┌─ Source material
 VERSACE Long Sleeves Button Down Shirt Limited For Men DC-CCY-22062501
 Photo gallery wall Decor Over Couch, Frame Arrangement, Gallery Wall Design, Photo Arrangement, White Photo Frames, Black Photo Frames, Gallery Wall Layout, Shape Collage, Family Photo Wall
└─
┌─ Source material
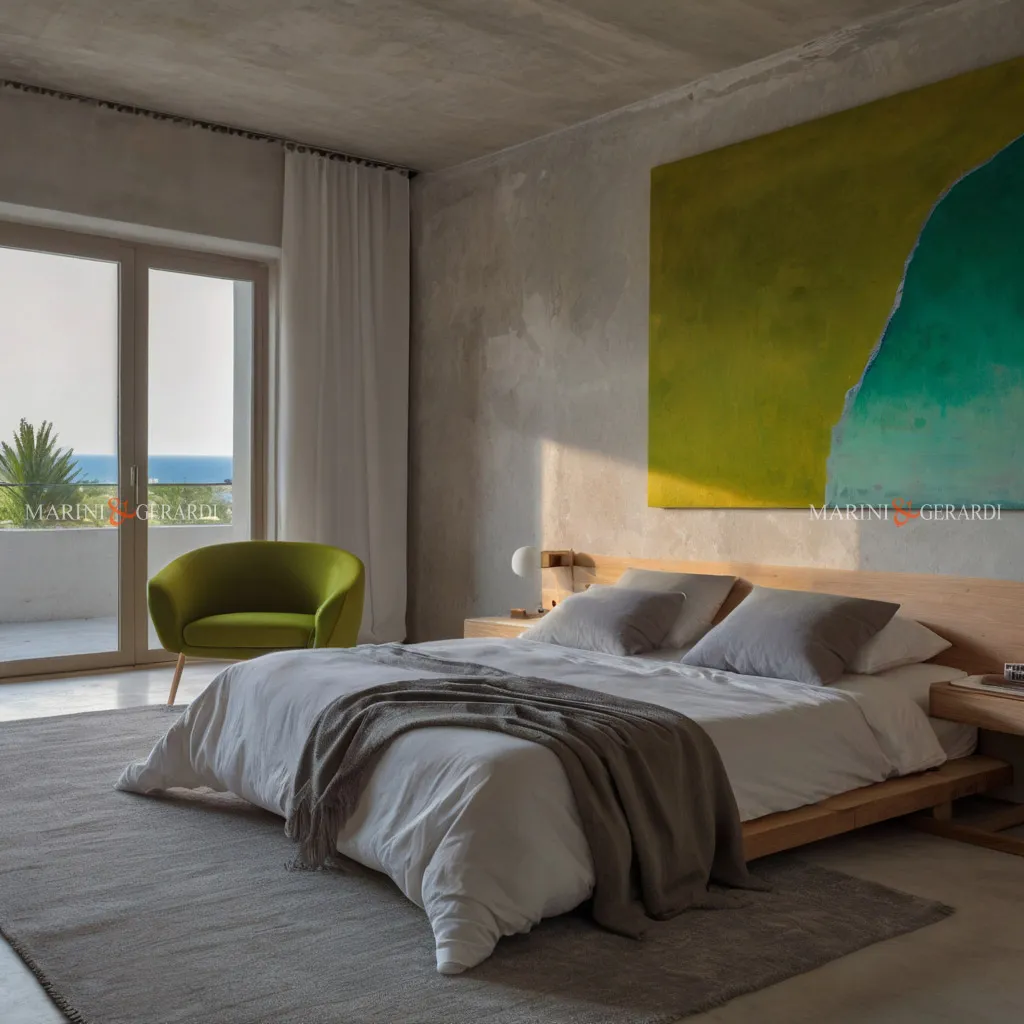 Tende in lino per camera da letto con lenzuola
└─
┌─ Source material
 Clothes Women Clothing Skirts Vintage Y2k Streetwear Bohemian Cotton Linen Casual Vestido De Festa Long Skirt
└─
Which lines above run from the one containing "VERSACE Long Sleeves" down to the one containing "Photo gallery wall"? Repeat exactly those, both ends included, and nothing else.

 VERSACE Long Sleeves Button Down Shirt Limited For Men DC-CCY-22062501
 Photo gallery wall Decor Over Couch, Frame Arrangement, Gallery Wall Design, Photo Arrangement, White Photo Frames, Black Photo Frames, Gallery Wall Layout, Shape Collage, Family Photo Wall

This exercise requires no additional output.